Hubs are normal classes and, as such, they can be instantiated and fed with the dependencies they need, so we can decouple them from the remaining components of our application very easily and therefore subject them to unit tests without too much trouble with the techniques and tools that we have been looking at.

Furthermore, SignalR was designed from the outset with decoupling, dependency injection, and unit testing in mind, so it will facilitate performing unit testing of our applications. Virtually all communication that we can have between a hub and the components of the framework is done using abstractions (interfaces) that allow their replacement by mock objects that make unit testing easier.

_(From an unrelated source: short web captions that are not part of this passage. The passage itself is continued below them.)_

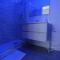 Guest House Piazza Tarquinia-0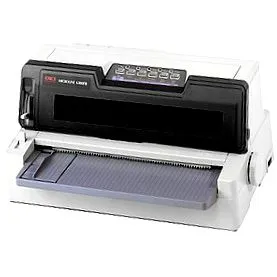 ml6300fb-sc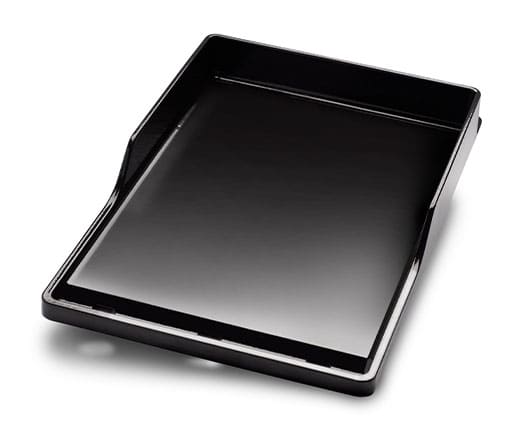 Napoleon Plancha Large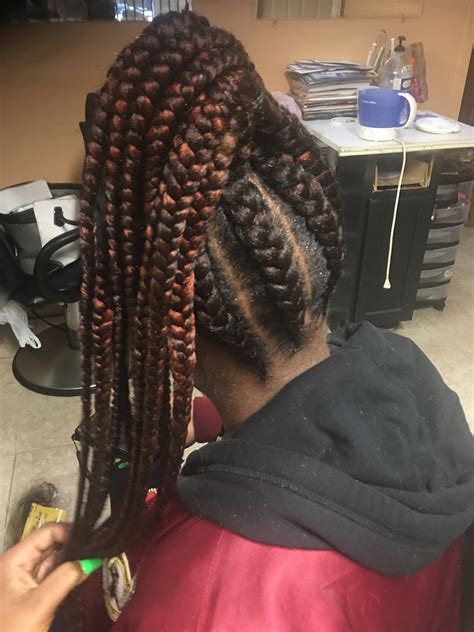 Hair braiding salons near me. Peco African Hair Braiding 2458 W Capitol Dr, Milwaukee ...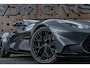 Aston Martin Vanquish Volante | TITANIUM UITLAAT | 16-WAY SEATS | BOWERS & WILKINS | BLACK PACK | 360 | KERAMISCH | MEMORY |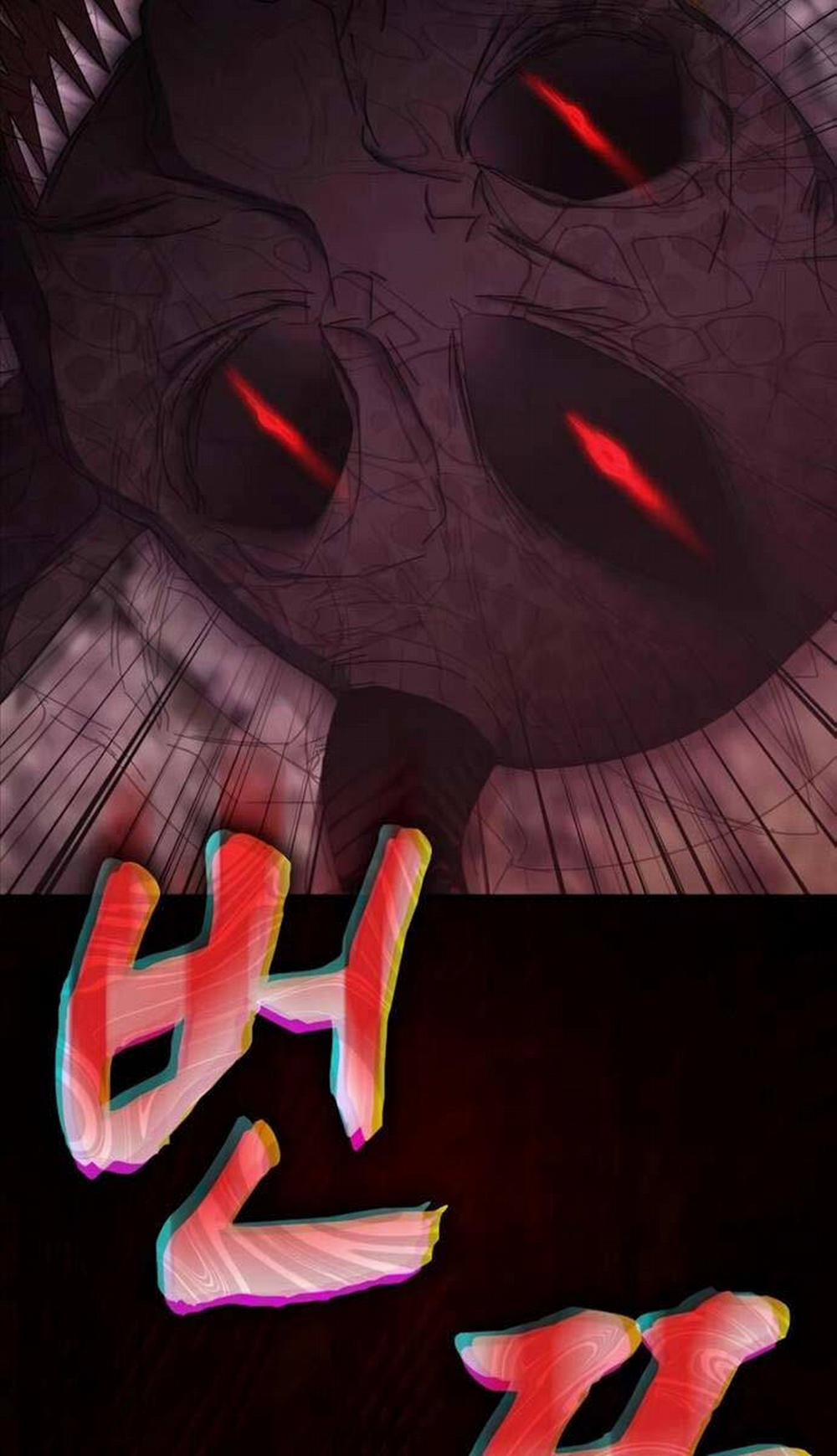 Học Viện Tối Thượng 92 trang 71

For example, look at the following code of a hub, where we can see several interactions with the platform. The first one is to get the value of the header variable "Host", the second one is to get the connection identifier, and the third one is to send an information message to all connected clients:

public class Broadcaster: Hub

{

...

public override Task OnConnected()

{

var host = Context.Headers["host"]; var id = Context.ConnectionId;

var message = "New connection " + id + " at " + host; return Clients.All.Message(message);

}

}

Thanks to the abstractions used by the SignalR hub class and the magic of mocking frameworks such as Moq, we can create a complete dependency infrastructure whose behavior will be set up in advance so that we can focus on checking that in this method the Message method is invoked in all connected clients, sending them the exact message that we expect.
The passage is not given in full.